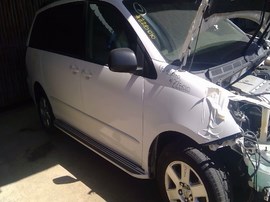 2005 TOYOTA SIENNA, WHITE, LE, 3.3L, AT. FWD,  Z25010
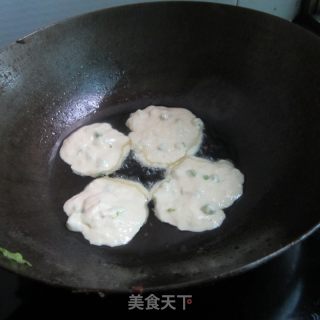 鸡蛋芹菜末煎饼的做法步骤：8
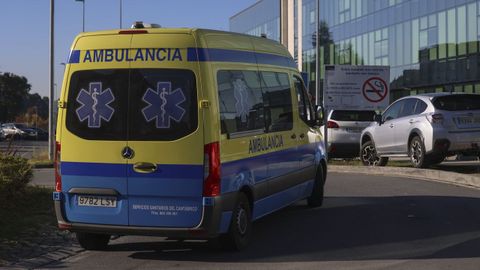 Imagen de archivo de una ambulancia frente a un hospital.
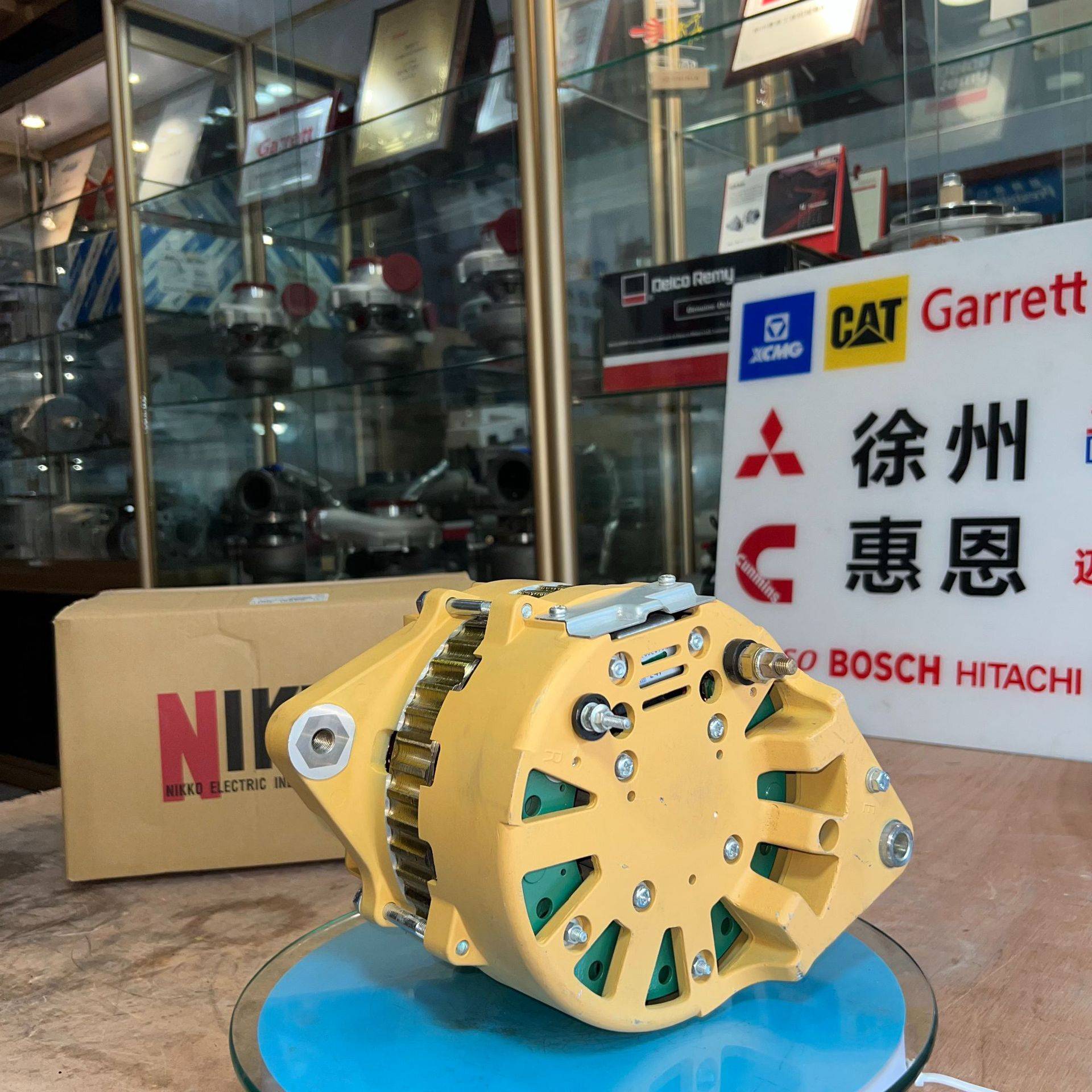 小/松PC200 交流发电机 600-825-9331 6008259331 KOMATSU 24V 90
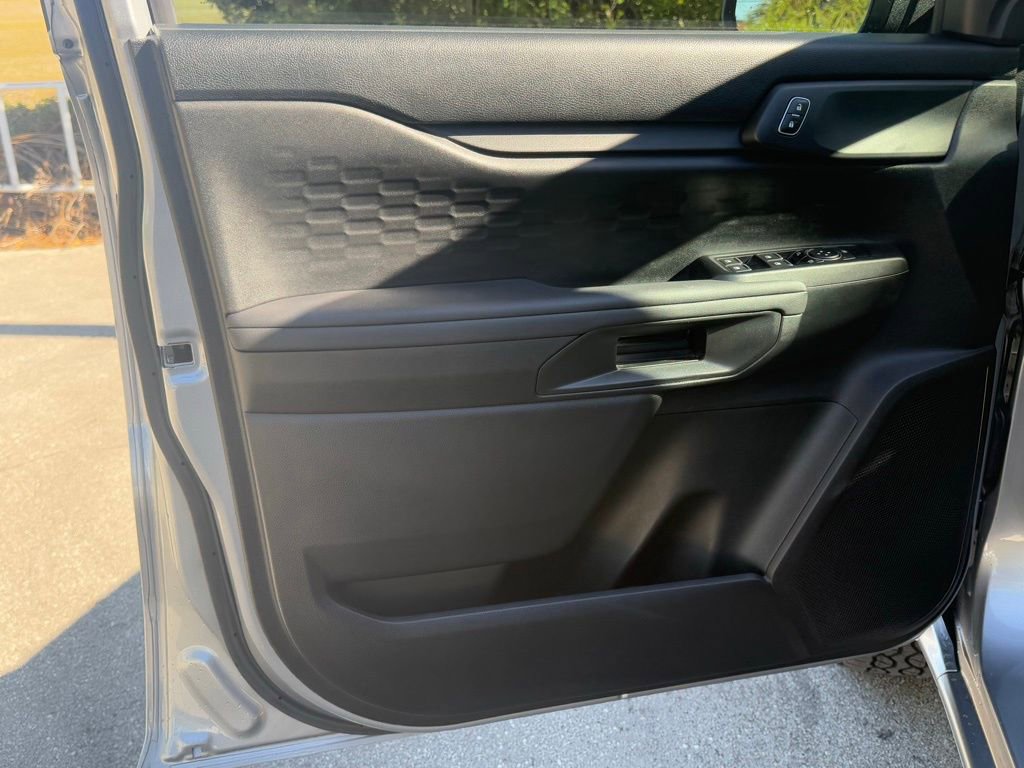 Used 2024 Ford Ranger XL image 29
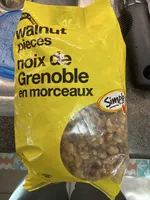 WALNUT PIECES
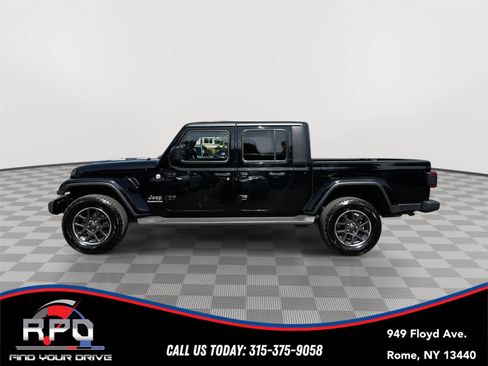 Used 2020 Jeep Gladiator Overland AWD/4WD image 2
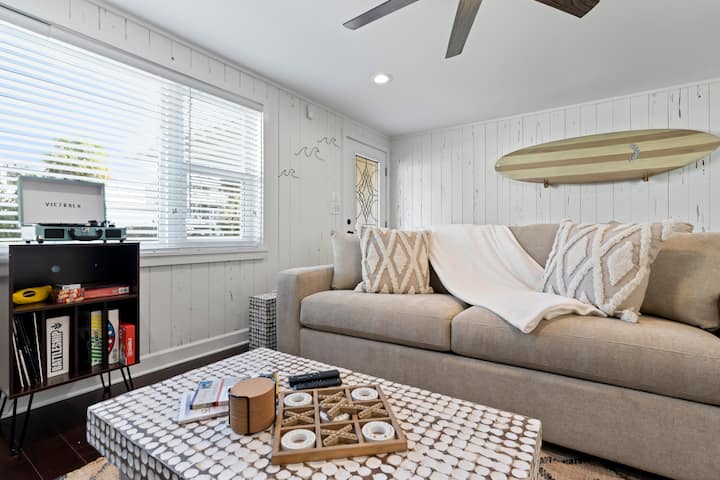 3 Br New Saltwater Pool & Game Room - Jacksonville Beach, FL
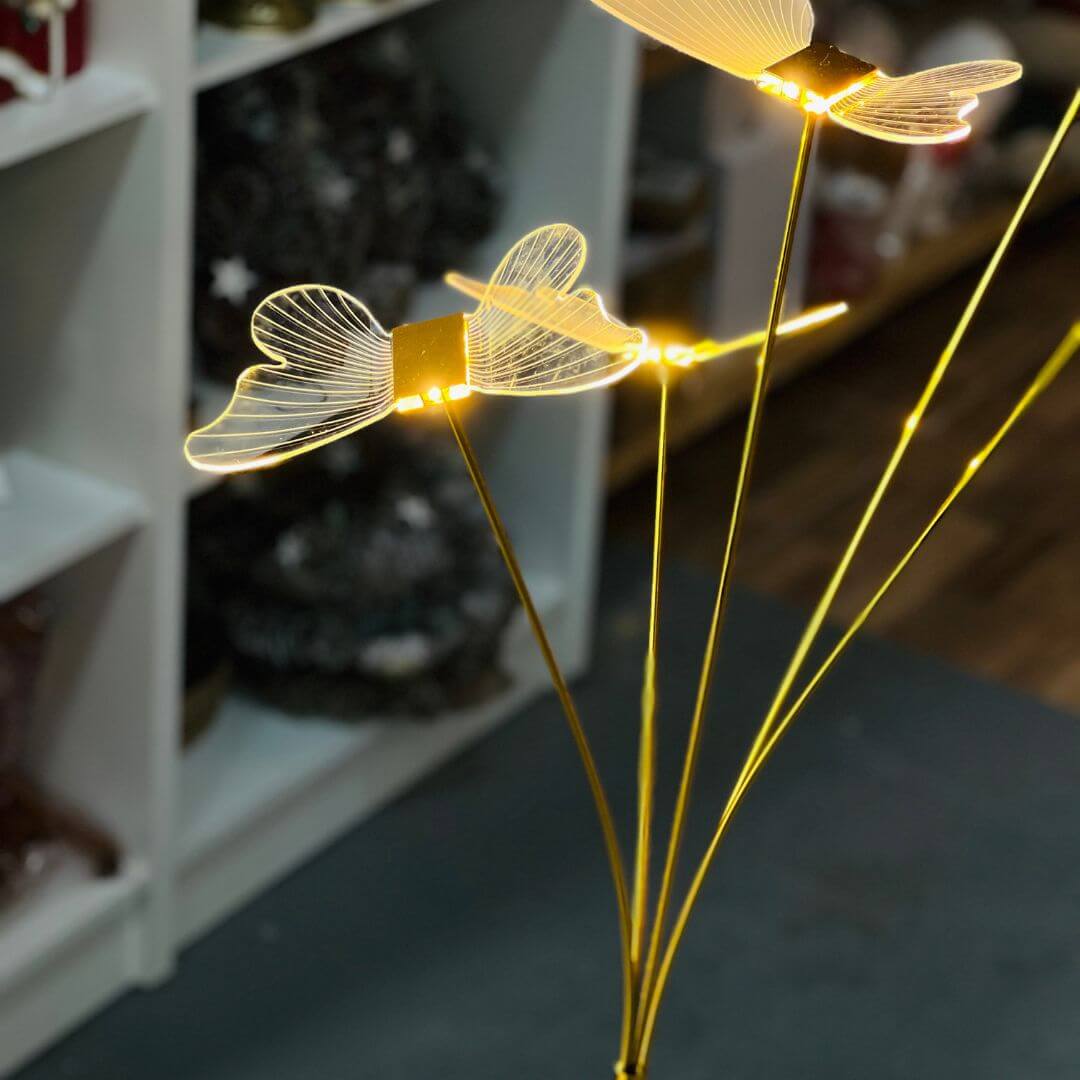 Abajur Borboleta em Metal Bivolt | 120cm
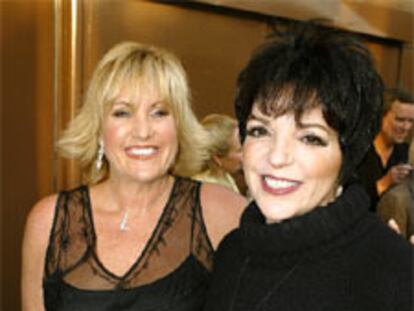 Liza Minelli y Lorna Luft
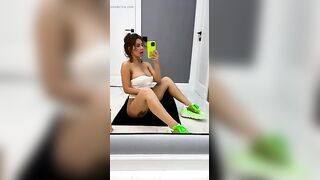 I'm sitting in front of the mirror, touching my twat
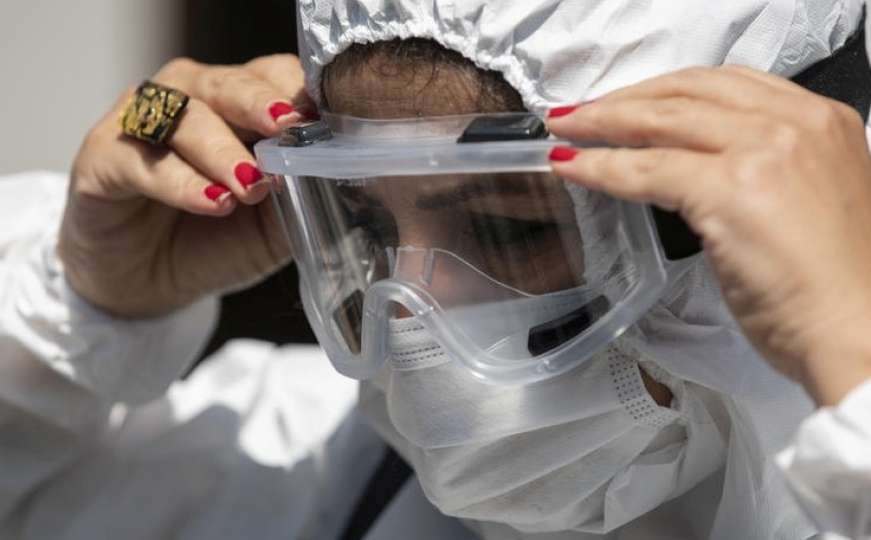 Doktorica iz Hrvatske bijesna: Da gledate što i mi, nabili bi si svi te maske na njonje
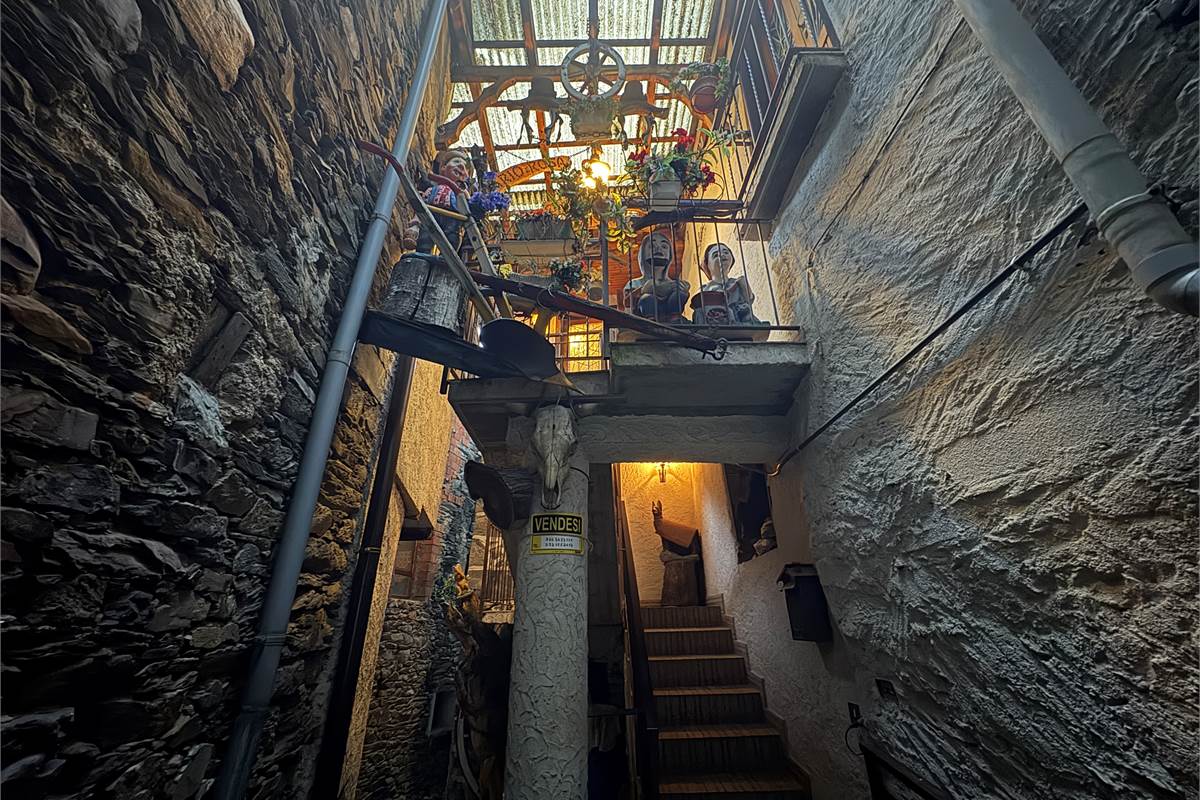 Porzione di casa ad Armio 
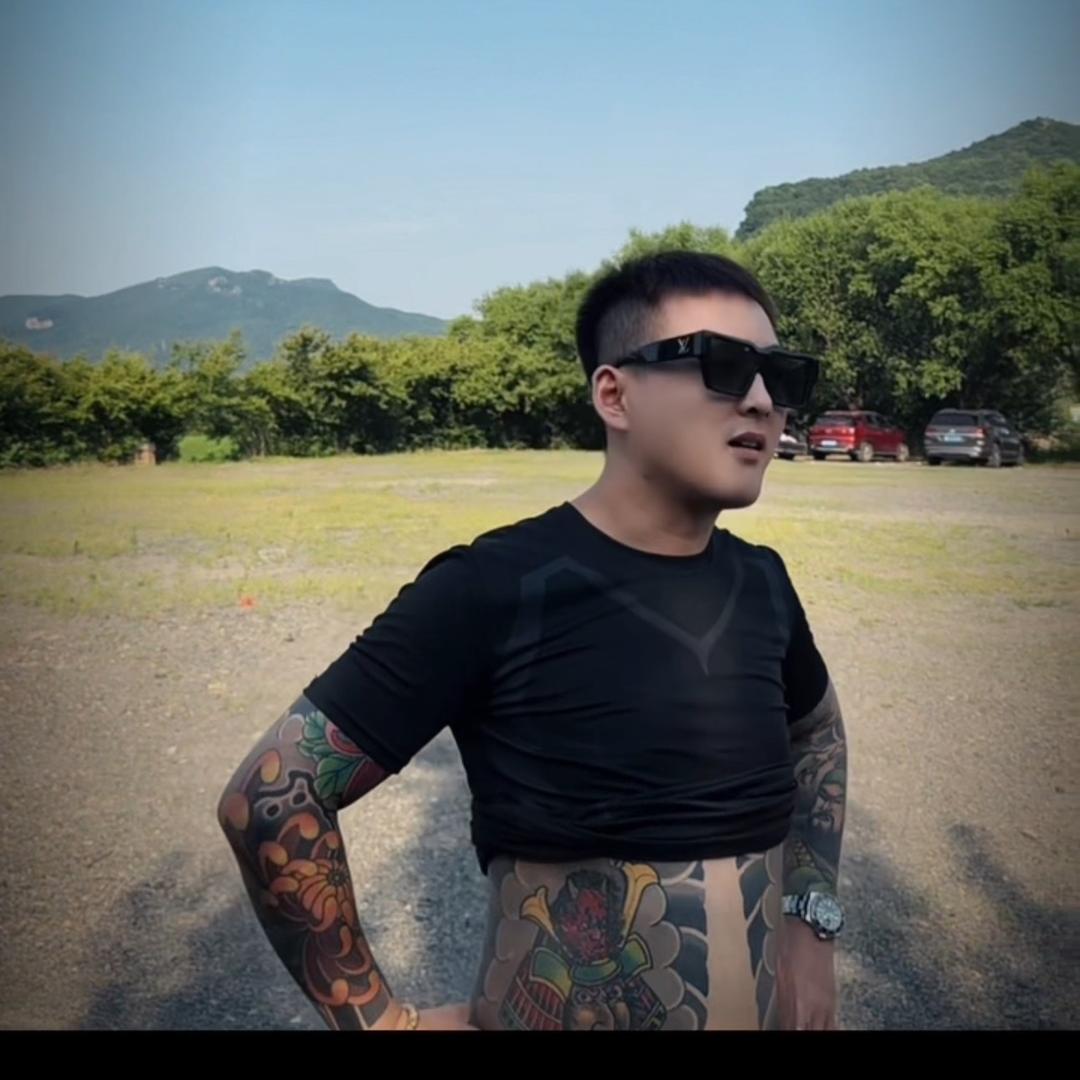 小龙在努力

**Task description:** A word-for-word copy of the listing is the goal; keep every picture out of it.

**Answer area:**
 2005 TOYOTA SIENNA, WHITE, LE, 3.3L, AT. FWD,  Z25010
 鸡蛋芹菜末煎饼的做法步骤：8
 Imagen de archivo de una ambulancia frente a un hospital.
 小/松PC200 交流发电机 600-825-9331 6008259331 KOMATSU 24V 90
 Used 2024 Ford Ranger XL image 29
 WALNUT PIECES
 Used 2020 Jeep Gladiator Overland AWD/4WD image 2
 3 Br New Saltwater Pool & Game Room - Jacksonville Beach, FL
 Abajur Borboleta em Metal Bivolt | 120cm
 Liza Minelli y Lorna Luft
 I'm sitting in front of the mirror, touching my twat
 Doktorica iz Hrvatske bijesna: Da gledate što i mi, nabili bi si svi te maske na njonje
 Porzione di casa ad Armio 
 小龙在努力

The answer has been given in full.